Last night I watched Bloody Sunday, the film that propelled British filmmaker Paul Greengrass to the Hollywood A-list and put him at the helm of hot projects such as The Bourne Supremacy and the upcoming United 93.
Bloody Sunday recreates the events of January 30th 1972, when a peaceful march in protest against the internment without trial of Irish Catholics by Protestant authorities clashed against British troops in Derry, Northern Ireland. Twenty-seven unarmed demonstrators were shot, 14 of whom died. Many were only teenagers. The confrontation and its aftermath fuelled a cycle of violence between Britain and elements of Ireland, North and South, which would last over 25 years.
Bloody Sunday won the Golden Bear in Berlin and the audience award at Sundance. Critics raved about the film when it was released, Rolling Stone calling it “a triumph” and the New York Times “the #1 movie of the year”. It’s easy to see why: the director’s brilliant visual sense and controlled direction serve the story well.
Civil rights leader Ivan Coopers is played by the excellent James Nesbitt, who also comes from a rural Irish working-class background. His performance as a noble, moral leader shaken to the core by the day’s events is remarkable. When his character eventually breaks down as the death toll is announced and guilt mixes with disgust, despair and rage, it is impossible to remain unmoved.
Nesbitt leads a cast that includes many non-professional Derry actors who were there in 1972. Adapted by Paul Greengrass and Don Mullan from first-hand accounts of the march, Bloody Sunday strives for authenticity at every turn, taking the viewer into the action on the very streets where the march took place. Sticking to handheld cameras and refusing any use of music or artificial lighting, he lends the story a potency and intimacy that is always convincing.

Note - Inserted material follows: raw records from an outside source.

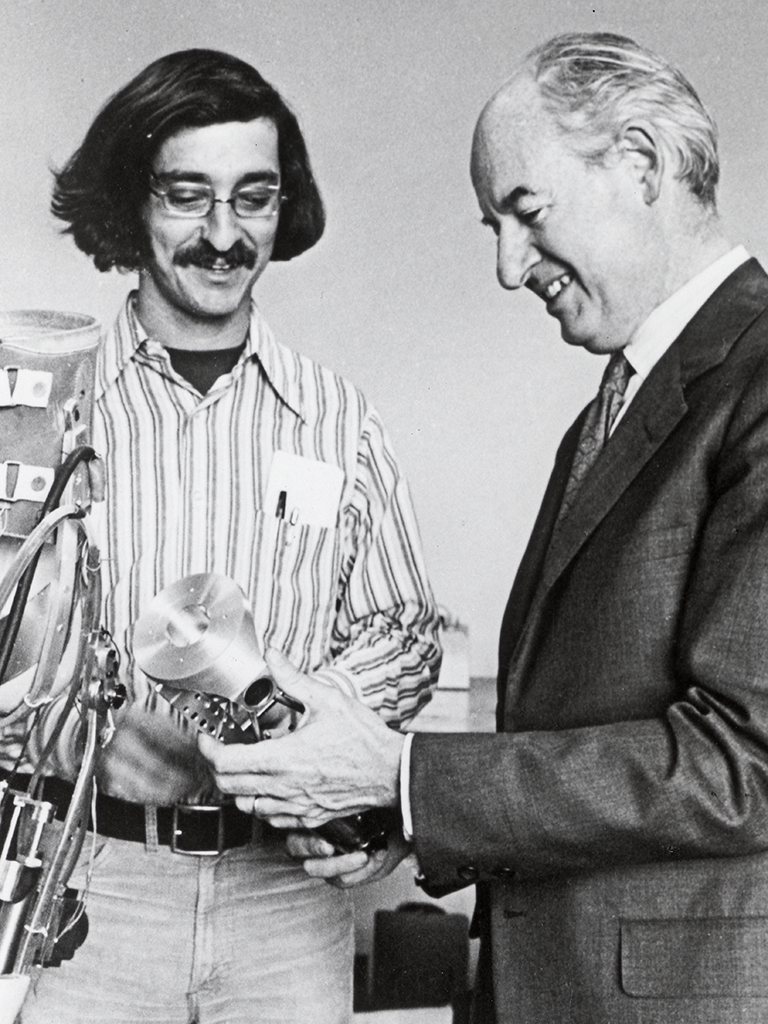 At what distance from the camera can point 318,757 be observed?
1216mm

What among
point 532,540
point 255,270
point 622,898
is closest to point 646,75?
point 532,540

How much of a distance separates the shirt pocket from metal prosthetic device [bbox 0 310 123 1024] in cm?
28

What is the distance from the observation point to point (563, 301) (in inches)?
54.1

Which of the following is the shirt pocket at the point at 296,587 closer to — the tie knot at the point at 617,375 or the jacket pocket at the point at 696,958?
the tie knot at the point at 617,375

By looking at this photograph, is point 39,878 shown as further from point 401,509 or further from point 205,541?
point 401,509

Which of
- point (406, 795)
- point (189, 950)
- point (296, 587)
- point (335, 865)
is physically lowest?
point (189, 950)

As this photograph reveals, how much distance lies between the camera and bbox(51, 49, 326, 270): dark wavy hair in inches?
65.2

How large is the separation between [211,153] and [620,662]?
3.00 ft

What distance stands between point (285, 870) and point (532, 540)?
55 cm

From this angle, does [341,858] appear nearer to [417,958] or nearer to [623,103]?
[417,958]

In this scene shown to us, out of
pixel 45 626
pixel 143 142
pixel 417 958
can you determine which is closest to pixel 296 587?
pixel 45 626

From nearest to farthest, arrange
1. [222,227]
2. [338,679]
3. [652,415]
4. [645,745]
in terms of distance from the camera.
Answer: [645,745] < [652,415] < [338,679] < [222,227]

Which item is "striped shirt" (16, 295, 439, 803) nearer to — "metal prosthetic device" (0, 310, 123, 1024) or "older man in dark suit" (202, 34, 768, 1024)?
"metal prosthetic device" (0, 310, 123, 1024)

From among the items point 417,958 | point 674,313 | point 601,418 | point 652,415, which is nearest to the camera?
point 652,415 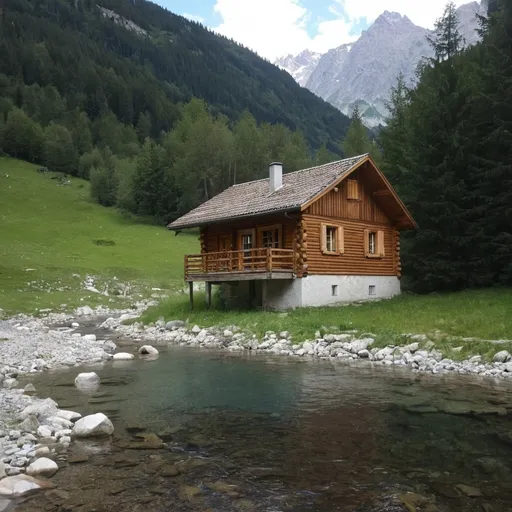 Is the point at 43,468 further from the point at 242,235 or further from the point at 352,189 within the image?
the point at 352,189

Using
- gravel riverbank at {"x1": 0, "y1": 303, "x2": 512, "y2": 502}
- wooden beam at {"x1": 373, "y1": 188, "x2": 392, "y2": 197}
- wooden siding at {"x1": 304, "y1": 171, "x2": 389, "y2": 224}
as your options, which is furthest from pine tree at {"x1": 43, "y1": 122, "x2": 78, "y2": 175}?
wooden beam at {"x1": 373, "y1": 188, "x2": 392, "y2": 197}

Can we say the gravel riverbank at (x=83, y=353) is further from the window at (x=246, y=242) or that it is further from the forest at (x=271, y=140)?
the forest at (x=271, y=140)

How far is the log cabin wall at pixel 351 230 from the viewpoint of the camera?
86.9 ft

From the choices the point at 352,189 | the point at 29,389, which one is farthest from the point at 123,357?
the point at 352,189

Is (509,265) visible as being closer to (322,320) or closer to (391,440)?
(322,320)

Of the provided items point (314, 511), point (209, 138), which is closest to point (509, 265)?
point (314, 511)

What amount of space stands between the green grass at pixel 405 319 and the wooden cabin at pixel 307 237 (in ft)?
6.51

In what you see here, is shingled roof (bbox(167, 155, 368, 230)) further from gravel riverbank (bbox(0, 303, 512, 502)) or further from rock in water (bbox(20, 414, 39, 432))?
rock in water (bbox(20, 414, 39, 432))

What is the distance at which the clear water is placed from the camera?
6.64 meters

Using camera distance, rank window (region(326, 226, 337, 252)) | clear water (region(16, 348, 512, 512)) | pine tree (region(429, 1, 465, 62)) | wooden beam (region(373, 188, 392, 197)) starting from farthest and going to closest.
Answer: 1. pine tree (region(429, 1, 465, 62))
2. wooden beam (region(373, 188, 392, 197))
3. window (region(326, 226, 337, 252))
4. clear water (region(16, 348, 512, 512))

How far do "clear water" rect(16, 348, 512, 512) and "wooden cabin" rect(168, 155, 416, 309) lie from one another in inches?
452

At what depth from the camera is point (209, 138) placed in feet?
222

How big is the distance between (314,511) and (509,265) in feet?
74.2

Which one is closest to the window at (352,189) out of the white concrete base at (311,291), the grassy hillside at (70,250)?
the white concrete base at (311,291) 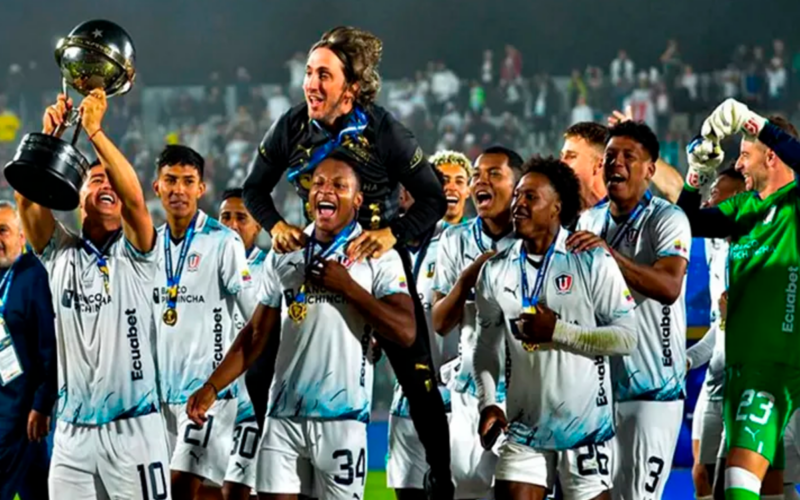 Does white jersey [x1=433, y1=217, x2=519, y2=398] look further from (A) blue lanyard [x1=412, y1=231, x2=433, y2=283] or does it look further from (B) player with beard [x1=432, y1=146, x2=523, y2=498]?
(A) blue lanyard [x1=412, y1=231, x2=433, y2=283]

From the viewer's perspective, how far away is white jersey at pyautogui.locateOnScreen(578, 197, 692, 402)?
6613mm

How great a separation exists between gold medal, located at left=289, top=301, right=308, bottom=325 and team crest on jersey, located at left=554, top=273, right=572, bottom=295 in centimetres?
105

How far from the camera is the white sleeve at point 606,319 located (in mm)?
5766

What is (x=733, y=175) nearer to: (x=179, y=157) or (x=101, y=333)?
(x=179, y=157)

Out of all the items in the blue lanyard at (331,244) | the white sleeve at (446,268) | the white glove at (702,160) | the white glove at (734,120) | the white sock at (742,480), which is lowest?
the white sock at (742,480)

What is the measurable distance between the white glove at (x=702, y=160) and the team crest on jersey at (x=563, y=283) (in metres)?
1.20

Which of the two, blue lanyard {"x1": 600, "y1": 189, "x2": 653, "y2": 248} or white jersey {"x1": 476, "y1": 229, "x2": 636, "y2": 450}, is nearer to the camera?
white jersey {"x1": 476, "y1": 229, "x2": 636, "y2": 450}

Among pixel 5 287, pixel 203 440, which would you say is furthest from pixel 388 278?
pixel 5 287

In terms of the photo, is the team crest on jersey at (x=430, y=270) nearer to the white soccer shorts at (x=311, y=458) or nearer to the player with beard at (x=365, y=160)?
the player with beard at (x=365, y=160)

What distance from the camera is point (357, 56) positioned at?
6.26 metres

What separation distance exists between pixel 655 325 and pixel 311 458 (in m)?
1.92

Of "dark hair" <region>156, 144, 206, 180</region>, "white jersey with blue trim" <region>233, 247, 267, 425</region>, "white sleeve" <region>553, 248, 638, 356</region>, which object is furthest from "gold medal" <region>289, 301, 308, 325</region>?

Cutting back and forth between the unarmed demonstrators and the British troops prepped for battle is an elegant and effective way to chart the escalating tension. Greengrass shows how a combination of different factors – a minority of troublemakers amongst protesters, a military control post entirely remote from the field, a bloodthirsty regiment of para-militaries, a total lack of communication between marchers and the authorities – combine to trigger violence. In the emotionally devastating final scenes, he lays bare the brutal logic of such conflicts, illustrating how violence feeds upon itself, growing into an uncontrollable beast.